L’une des tâches primordiales consiste à définir les groupes cibles ainsi que les messages à faire passer. Voici quelques instruments de la communication externe (cf. Reifenhäuser/Reifenhäuser 2013: 90):

  • Relations de presse
  • Interventions, articles et séminaires
  • Campagnes de communication, notamment par voie d’affichage
  • Journées portes ouvertes, stand d’information et salons
  • Newsletters, journal des bénévoles
  • Site Internet
  • Brochures d’image et documents d’information
  • Témoignages, ambassadeurs
  • Objets frappés du logo de l’organisation (cadeaux publicitaires)

Dans les organisations d’une certaine taille, où la communication externe est prise en charge par le service marketing ou communication, une bonne collaboration avec les responsables – rémunérés ou non – de la gestion et de la coordination des bénévoles est indispensable. Ils connaissent le bénévolat de l’intérieur et apportent un point de vue éclairé qui peut être utilisé dans la communication externe.

Rendre compte de l’activité des bénévoles

La communication externe a également pour objectif de rendre compte de l’activité des bénévoles. Il existe plusieurs manières d’y parvenir.
La première consiste à présenter sur le site Internet de l’organisation ou dans des documents de référence (rapports annuels ou autres) une sélection de faits révélateurs de l’engagement des bénévoles. Il peut s’agir de chiffres (nombre de bénévoles, d’heures accomplies, de kilomètres parcourus ou de cours dispensés, etc.), mais aussi d’informations (terrains d’intervention, prestations fournies, utilité pour les bénéficiaires, etc.).
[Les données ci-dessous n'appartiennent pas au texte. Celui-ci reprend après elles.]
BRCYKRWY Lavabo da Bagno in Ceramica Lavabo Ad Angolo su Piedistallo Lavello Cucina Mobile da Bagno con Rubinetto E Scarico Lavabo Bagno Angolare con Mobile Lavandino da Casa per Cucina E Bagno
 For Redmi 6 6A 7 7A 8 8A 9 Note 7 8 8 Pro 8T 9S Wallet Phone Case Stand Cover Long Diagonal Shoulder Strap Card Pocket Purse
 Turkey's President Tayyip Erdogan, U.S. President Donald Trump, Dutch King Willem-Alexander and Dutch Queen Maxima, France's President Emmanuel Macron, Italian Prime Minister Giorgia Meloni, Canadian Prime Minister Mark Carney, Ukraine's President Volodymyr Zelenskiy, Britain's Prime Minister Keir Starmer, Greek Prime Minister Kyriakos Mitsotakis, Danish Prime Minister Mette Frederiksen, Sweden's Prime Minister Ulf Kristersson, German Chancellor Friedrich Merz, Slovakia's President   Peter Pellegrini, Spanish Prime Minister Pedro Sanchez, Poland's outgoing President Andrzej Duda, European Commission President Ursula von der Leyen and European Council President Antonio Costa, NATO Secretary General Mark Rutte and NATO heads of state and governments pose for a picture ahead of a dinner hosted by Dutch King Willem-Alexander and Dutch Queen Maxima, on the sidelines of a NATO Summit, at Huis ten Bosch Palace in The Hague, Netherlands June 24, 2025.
Insistez sur le fait que, sans collaborateurs bénévoles, de nombreux services ne pourraient être proposés.
Par ailleurs, des manifestations ou des projets de grande ampleur peuvent être l’occasion de rédiger des communiqués de presse mettant à l’honneur le travail accompli par les bénévoles.
La monétarisation du bénévolat est une troisième possibilité. Elle revient à calculer ce que coûterait la rémunération des heures effectuées par des bénévoles. L’indemnité horaire théorique proposée par le Siège CRS s’élève à 30 CHF.